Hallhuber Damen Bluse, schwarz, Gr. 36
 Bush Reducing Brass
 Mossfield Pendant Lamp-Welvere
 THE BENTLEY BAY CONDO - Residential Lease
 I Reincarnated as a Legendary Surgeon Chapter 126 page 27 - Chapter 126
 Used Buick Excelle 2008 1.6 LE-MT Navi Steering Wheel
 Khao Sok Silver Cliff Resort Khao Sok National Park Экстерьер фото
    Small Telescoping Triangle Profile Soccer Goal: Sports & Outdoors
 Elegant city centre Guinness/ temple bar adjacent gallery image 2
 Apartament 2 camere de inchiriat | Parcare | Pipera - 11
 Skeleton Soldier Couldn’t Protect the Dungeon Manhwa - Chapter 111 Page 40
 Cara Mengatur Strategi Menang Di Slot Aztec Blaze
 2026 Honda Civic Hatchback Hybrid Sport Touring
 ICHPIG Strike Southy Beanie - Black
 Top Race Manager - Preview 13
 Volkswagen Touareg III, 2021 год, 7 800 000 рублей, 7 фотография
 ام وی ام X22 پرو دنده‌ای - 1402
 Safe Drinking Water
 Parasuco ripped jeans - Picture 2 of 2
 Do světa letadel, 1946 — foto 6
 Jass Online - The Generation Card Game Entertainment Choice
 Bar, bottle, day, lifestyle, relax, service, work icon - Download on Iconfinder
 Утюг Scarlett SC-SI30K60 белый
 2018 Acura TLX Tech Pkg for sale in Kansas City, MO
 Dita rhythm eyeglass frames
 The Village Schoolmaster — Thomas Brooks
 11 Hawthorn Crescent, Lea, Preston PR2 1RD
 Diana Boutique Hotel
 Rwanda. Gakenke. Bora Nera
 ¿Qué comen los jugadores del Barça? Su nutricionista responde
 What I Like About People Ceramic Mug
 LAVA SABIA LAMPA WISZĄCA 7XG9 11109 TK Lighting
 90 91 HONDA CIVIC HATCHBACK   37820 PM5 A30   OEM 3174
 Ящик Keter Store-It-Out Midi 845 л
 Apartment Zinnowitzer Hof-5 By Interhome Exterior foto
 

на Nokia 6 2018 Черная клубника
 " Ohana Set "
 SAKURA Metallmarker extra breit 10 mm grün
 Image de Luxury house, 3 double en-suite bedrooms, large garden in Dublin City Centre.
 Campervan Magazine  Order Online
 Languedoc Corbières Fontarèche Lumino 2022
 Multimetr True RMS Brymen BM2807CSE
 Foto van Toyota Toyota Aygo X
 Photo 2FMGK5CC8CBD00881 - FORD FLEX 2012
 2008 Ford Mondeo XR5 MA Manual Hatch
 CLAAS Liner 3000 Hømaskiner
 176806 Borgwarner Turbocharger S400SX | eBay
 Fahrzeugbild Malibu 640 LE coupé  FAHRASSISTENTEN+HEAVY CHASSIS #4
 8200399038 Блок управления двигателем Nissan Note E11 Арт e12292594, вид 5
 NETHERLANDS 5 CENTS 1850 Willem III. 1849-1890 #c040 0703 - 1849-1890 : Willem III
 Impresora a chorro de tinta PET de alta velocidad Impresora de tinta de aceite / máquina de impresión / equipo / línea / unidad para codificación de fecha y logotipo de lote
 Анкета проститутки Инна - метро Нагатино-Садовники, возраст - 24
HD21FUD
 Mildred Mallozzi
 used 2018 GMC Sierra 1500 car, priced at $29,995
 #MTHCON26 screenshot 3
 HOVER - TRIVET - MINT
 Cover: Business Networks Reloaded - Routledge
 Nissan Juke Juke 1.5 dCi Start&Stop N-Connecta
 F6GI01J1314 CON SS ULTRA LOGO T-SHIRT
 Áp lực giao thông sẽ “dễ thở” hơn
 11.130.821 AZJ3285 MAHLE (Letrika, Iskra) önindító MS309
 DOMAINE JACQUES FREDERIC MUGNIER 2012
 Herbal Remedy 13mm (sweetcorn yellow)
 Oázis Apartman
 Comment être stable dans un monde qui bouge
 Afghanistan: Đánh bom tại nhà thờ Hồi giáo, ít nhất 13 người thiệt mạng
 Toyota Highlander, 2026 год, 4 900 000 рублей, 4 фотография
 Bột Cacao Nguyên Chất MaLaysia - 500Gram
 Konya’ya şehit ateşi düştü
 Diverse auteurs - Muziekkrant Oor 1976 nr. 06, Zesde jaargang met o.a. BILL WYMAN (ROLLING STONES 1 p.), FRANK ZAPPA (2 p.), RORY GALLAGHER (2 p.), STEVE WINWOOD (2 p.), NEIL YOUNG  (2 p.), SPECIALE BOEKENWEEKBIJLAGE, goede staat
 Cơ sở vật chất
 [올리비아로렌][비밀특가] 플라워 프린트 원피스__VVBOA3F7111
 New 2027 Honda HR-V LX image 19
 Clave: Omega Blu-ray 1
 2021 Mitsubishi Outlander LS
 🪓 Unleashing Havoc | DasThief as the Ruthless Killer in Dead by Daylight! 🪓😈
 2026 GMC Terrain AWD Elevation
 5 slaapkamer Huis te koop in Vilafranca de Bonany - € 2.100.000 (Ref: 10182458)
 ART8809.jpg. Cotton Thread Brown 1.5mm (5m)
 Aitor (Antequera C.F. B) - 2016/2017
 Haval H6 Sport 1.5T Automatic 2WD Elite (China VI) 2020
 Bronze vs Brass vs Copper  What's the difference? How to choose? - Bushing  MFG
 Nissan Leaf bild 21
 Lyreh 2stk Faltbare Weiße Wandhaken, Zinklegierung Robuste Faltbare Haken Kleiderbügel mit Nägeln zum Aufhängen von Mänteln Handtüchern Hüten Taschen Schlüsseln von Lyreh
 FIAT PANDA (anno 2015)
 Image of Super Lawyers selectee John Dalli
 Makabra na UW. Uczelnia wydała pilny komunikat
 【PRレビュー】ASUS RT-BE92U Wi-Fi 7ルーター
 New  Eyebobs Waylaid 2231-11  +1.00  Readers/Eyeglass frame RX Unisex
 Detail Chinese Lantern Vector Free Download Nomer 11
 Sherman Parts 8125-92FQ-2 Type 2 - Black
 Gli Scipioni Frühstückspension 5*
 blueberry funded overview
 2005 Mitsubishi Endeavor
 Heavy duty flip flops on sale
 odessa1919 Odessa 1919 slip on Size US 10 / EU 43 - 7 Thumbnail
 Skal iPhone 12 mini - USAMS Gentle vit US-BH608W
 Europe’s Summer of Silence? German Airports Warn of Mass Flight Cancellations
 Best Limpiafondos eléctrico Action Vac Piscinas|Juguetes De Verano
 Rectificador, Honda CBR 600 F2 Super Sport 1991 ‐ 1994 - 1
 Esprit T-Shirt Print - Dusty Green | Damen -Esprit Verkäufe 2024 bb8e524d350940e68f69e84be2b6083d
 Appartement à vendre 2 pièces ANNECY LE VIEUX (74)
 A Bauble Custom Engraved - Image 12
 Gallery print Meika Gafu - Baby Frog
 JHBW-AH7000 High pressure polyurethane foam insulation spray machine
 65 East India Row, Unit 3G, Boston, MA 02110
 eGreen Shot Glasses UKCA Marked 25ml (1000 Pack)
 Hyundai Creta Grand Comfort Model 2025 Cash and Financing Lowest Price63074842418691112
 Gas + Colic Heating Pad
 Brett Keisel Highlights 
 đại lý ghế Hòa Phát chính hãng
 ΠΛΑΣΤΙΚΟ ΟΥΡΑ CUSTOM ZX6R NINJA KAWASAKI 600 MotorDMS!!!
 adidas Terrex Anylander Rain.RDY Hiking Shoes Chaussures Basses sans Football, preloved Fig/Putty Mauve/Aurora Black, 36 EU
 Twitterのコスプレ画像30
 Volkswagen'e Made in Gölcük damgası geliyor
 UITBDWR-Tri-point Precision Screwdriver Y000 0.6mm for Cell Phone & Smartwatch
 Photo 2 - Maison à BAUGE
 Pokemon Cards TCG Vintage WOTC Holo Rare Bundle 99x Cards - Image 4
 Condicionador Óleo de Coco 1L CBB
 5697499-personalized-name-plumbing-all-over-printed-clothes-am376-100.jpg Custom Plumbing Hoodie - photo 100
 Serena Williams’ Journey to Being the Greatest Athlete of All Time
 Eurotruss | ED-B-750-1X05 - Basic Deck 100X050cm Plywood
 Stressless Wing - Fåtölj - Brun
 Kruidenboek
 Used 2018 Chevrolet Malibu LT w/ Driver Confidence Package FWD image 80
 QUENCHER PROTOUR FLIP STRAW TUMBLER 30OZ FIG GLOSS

=======

What the task requires
Please transcribe only the lines in the records above running from the line that has "đại lý ghế Hòa Phát chính hãng" through the line that has "Volkswagen'e Made in Gölcük damgası geliyor", both included, exactly as they appear.

Solution to this task
 đại lý ghế Hòa Phát chính hãng
 ΠΛΑΣΤΙΚΟ ΟΥΡΑ CUSTOM ZX6R NINJA KAWASAKI 600 MotorDMS!!!
 adidas Terrex Anylander Rain.RDY Hiking Shoes Chaussures Basses sans Football, preloved Fig/Putty Mauve/Aurora Black, 36 EU
 Twitterのコスプレ画像30
 Volkswagen'e Made in Gölcük damgası geliyor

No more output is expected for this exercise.